US 12,277,520 B2
Method and an apparatus for routine improvement for an entity
Barbara Sue Smith, Toronto (CA); and Daniel J. Sullivan, Toronto (CA)
Assigned to The Strategic Coach Inc., Toronto (CA)
Filed by Strategic Coach, Toronto (CA)
Filed on Apr. 28, 2023, as Appl. No. 18/141,320.
Prior Publication US 2024/0362571 A1, Oct. 31, 2024
Int. Cl. G06Q 10/0639 (2023.01); H04L 9/40 (2022.01)

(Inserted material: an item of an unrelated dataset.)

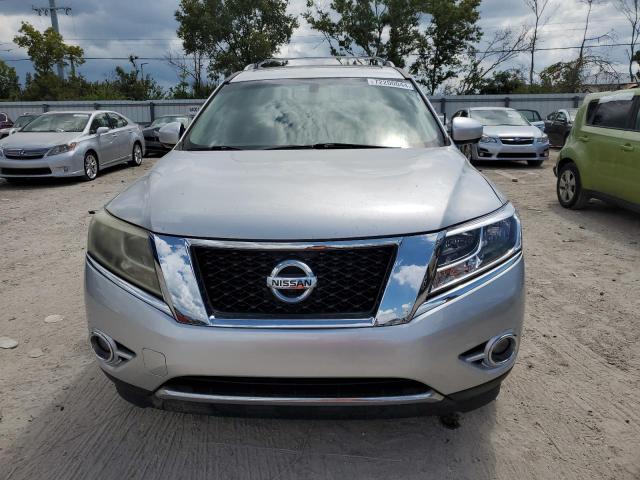 Photo 4 VIN: 5N1AR2MN7EC687619 - NISSAN PATHFINDER 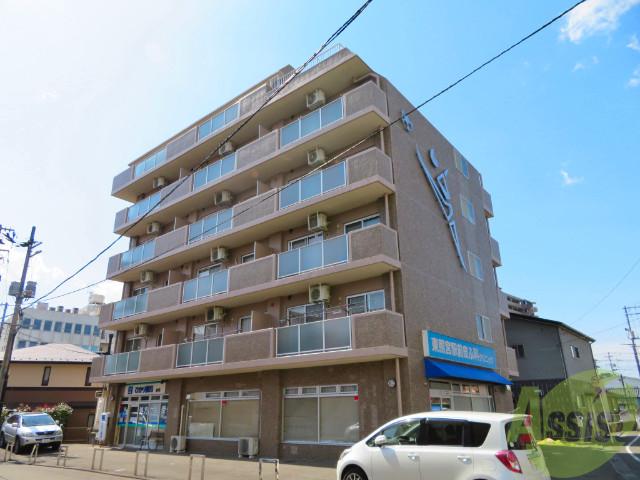 ムトウマンション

CPC G06Q 10/06395 (2013.01) [G06Q 10/06398 (2013.01); H04L 63/126 (2013.01)] 20 Claims
OG exemplary drawing
 
11. An apparatus for routine improvement for an entity, comprising:
at least a processor; and
a memory communicatively connected to the processor, the memory containing instructions configuring the at least a processor to:
receive an entity profile, wherein receiving the entity profile comprises:
receiving an IP address associated with a known location of an entity and appended to a data packet containing entity profile data;
authenticating the entity by:
determining an actual time lapse between a computing device associated with the entity and the at least a processor;
comparing the actual time lapse to an expected time lapse, wherein the expected time lapse is determined based on entity location and data packet size; and
comparing the IP address to a plurality of stored flagged IP addresses previously identified by the at least a processor;
generate a first datum;
receive a second datum;
generate at least an entity-specific improvement recommendation as a function of the second datum and first datum utilizing a recommendation machine learning model which further comprises:
receiving a first training data, wherein the first training data correlates the first datum and second datum to an entity-specific improvement recommendation;
training, iteratively, the recommendation machine learning model using the first training data, wherein training the recommendation machine learning model includes retraining the recommendation machine learning model with feedback from previous iterations of the recommendation machine learning model; and
generating the at least an entity-specific improvement recommendation as a function of the first datum and the second datum using the trained recommendation machine learning model;
calculate an impact metric as a function of a plurality of attribute clusters, wherein calculating the impact metric comprises:
training an impact metric machine learning model using a second training data, wherein the second training data comprises the plurality of attribute clusters as inputs correlated to the impact metric as outputs, wherein training the impact metric machine learning model comprises:
iteratively updating the second training data as a function of adjusted inputs and desired outputs of the impact metric machine learning model;
retraining the impact metric machine learning model using the updated second training data; and
calculating the impact metric using the trained impact metric machine learning model; and
determine at least a user interface element as a function of the at least an entity-specific improvement recommendation;
transmit the at least an interface element to a display.